Previously, when creating optical photo archives, I used DVDisaster to create the disc image with parity. DVDisaster no longer exists. The code can still be found, and the program still works, but nobody is developing it and it doesn’t even an official web presence. This makes me uncomfortable for a tool that is part of my long-term archiving plans. As a result, I’ve moved back to using Parchive for parity. Parchive also does not have much in the way of active development around it, but it is still maintained, has been around for a long period of time, is still used by a wide community, and will probably continue to exist as long as people share files on less-than-perfectly-reliable mediums.

As previously mentioned, I’m not worried about the storage space for these files, so I tell par2create to create PAR2 files with 30% redundancy. I suppose I could go even higher, but 30% seems like a good number. By default this process will be allowed to use 16MB of memory, which is cute, but RAM is cheap and I usually have enough to spare so I’ll give it permission to use up to 8GB.

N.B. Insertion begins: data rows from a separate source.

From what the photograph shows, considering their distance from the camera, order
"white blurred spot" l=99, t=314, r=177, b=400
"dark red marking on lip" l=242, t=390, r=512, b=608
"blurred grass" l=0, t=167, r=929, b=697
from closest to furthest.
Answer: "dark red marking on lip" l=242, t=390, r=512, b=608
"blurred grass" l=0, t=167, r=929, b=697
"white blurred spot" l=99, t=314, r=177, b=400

$ par2create -r30 -m8000 recovery.par2 *

Next I’ll use hashdeep to generate message digests for all the files in the archive.

$ hashdeep * > hashes

At this point all the file processing is completed. I’ll put a blank disc in my burner (a Pioneer BDR-XD05B) and burn the directory using growisofs.

$ growisofs -Z /dev/sr0 -V "Finances 2019" -r *

Verification

The final step is to verify the disc. I have a few options on this front. These are the same steps I’d take years down the road if I actually needed to recover data from the archive.

I can use the previous hashes to find any files that do not match, which is a quick way to identify bit rot.

$ hashdeep -x -k hashes *.{gpg,tar,sig,par2}

I can check the integrity of the PGP signatures.

$ gpg --verify tax.tar.gpg{.sig,}
$ gpg --verify tax.tar{.sig,}

I can use the PAR2 files to verify the original data files.

$ par2 verify recovery.par2